What It’s Really Like To Be A Queer Musician In Brazil

Through his colorful DIY pop music, Jaloo is inspiring Brazilian LGBTQ youth to live without fear.

August 03, 2016
What It’s Really Like To Be A Queer Musician In Brazil Junior Franch

From your first click on one of his wild videos, Jaloo’s pride in his visual identity is unmistakable. In his self-directed video for chilly electro-pop single “Ah! Dor!” the Brazilian singer/producer is bound by rope and a skimpy BDSM leather outfit against a marshmallow-colored backdrop, intoning the Portuguese lyrics with limbs flailing like a beetle on its back. For the joyous “Insight,” he bathes in decapitated dolls’ heads, flexes gleaming thimbles on his fingers, and wears playful devil horns. If you were to attempt to summarise his aesthetic, you might say he looks like the outré J-pop icon Kyary Pamyu Pamyu had undergone a queer baptism.

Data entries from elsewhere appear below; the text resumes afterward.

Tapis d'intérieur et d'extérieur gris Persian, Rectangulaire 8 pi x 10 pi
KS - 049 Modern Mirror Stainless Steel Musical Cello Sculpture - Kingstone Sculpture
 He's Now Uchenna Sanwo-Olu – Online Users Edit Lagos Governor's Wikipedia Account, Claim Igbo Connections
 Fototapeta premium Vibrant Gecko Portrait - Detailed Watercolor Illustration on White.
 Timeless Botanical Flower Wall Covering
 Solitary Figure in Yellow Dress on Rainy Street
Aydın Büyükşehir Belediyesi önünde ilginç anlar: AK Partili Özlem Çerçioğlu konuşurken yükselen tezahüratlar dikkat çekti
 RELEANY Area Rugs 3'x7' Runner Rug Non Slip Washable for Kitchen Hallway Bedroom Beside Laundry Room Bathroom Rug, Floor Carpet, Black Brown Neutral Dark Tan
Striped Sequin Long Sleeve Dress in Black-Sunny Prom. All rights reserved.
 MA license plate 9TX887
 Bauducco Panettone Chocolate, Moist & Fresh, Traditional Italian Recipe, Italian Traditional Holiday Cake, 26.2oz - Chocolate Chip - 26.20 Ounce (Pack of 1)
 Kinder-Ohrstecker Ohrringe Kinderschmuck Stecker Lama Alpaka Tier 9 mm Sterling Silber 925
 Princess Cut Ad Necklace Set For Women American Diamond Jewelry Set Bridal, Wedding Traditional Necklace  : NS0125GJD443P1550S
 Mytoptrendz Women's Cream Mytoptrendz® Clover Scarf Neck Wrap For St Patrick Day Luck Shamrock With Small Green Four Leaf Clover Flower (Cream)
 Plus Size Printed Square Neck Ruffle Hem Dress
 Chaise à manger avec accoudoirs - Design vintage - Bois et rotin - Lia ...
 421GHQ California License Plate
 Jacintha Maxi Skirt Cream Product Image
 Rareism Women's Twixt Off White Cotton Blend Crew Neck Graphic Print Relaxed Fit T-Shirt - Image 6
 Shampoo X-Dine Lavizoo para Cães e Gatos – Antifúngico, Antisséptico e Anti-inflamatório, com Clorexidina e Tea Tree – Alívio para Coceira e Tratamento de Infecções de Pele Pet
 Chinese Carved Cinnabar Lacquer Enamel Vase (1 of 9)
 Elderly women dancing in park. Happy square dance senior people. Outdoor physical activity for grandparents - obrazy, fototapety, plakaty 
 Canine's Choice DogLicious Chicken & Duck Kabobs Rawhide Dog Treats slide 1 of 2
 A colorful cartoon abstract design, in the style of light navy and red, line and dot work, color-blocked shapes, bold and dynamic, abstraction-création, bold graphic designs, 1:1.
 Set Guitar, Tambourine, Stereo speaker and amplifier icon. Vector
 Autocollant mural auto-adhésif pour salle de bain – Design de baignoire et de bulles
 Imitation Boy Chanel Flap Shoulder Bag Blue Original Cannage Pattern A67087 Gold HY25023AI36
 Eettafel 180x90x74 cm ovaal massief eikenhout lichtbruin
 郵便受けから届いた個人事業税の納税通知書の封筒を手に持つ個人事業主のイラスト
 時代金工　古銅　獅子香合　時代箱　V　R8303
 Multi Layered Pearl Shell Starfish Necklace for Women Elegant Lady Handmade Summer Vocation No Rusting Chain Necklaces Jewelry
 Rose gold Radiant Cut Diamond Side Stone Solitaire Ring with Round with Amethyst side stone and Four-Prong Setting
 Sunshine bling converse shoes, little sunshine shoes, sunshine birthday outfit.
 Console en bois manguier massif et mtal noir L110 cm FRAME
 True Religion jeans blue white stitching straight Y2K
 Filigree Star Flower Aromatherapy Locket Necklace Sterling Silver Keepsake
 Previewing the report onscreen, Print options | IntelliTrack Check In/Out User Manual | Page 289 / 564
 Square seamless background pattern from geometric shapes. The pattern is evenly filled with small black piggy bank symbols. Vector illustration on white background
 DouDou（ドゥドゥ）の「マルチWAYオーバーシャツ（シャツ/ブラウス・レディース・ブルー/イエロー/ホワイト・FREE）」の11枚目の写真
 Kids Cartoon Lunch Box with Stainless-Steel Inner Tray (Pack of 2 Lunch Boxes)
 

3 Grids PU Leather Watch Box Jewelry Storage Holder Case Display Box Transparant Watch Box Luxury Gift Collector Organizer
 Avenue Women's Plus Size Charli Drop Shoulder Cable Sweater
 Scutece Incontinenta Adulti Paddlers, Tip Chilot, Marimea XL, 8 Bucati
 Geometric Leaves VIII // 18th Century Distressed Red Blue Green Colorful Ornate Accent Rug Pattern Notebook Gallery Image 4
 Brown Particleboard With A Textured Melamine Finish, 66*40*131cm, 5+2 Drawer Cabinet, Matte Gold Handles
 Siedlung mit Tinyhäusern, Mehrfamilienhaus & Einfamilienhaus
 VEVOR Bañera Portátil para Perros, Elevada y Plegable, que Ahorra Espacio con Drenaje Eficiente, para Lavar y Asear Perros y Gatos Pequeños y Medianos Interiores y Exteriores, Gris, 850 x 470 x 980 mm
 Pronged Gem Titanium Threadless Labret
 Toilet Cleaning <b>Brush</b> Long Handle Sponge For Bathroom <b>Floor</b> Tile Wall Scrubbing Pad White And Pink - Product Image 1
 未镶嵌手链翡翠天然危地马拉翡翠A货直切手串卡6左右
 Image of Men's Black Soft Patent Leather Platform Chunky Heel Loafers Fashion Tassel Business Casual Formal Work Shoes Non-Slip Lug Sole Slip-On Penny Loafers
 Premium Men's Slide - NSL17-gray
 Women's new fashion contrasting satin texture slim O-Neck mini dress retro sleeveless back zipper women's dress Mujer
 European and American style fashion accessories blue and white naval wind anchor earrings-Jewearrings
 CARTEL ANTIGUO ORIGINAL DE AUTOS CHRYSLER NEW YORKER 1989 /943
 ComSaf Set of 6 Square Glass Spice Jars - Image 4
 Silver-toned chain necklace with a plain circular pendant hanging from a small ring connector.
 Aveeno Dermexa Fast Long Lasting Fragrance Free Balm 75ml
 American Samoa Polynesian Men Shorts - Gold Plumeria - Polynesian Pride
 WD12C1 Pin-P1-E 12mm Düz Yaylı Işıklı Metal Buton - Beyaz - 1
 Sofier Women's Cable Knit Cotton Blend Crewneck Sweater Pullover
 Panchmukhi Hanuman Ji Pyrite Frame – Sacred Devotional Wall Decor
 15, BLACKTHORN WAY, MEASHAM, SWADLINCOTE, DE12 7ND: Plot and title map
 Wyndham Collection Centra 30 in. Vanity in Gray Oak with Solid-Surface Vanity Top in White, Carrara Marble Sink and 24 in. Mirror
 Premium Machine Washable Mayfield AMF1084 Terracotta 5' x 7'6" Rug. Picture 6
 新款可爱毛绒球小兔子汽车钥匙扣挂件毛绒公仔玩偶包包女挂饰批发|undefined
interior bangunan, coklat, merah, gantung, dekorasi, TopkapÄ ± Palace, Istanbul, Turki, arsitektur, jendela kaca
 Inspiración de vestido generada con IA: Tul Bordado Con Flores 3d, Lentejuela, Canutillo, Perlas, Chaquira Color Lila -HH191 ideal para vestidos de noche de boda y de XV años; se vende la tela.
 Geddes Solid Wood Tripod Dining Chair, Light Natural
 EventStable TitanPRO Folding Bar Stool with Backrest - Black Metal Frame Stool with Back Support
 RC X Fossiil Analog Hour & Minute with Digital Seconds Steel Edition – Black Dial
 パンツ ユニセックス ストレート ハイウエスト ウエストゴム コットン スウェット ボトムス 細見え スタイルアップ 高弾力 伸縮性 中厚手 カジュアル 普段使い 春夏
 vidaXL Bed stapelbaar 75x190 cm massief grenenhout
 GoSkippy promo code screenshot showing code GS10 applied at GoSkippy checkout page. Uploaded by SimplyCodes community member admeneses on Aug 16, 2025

Born in the tropical climate of north Brazil’s Amazonian region of Pará, and currently living in São Paulo, Jaloo’s distinctive approach to music has gained him a wide fanbase since the release of his self-produced debut album #1 last year. It’s a varied release which takes the playful roughness of Brazilian electronic genre tecnobrega and reworks it with global sounds, whether murky electronic beats on “Vem,” or scrappy pop melodies on “Tanto Faz.” In São Paulo, he’s so well known that he can’t walk down the street without being cornered for selfies and Snaps, but appreciation has come from international sources, too. Recognizing that Jaloo’s work has been compared to that of Grimes, last year Claire Boucher showed love on Twitter for his “enchanting music” and “beautiful visuals.”

But for many fans, Jaloo represents much more than simple aesthetic appeal. He’s perhaps the most prominent out queer musician in a nation where over 40% of the entire world’s anti-LGBTQ violence occurs. In the past few years, Brazil has seen a rise in homophobic and transphobic hate crimes coinciding with the increasing power of the Christian right, with congressman Jair Bolsonaro suggesting that parents should “beat the gay out” of their children. A statistic quoted in The New York Times this July noted that a gay or transgender person is killed almost every day in Brazil, giving the nation the highest LGBTQ murder rate in the world.

I spoke with Jaloo, who’s unflinchingly polite in conversation, in a long conversation on Skype this July. With the assistance of a translator, he explained what it’s really like to be out, proud, and gender-fluid in a country where the fact of your existence can automatically place a target on your back, and his hope that his music can inspire Brazil’s queer community to live a life without fear.




JALOO: Brazil is a very homophobic country. Everywhere is dangerous, and we never know when a threatening person will curse or beat you, or abuse you in some way. But the LGBTQ community are really defiant and brave, despite all the prejudice.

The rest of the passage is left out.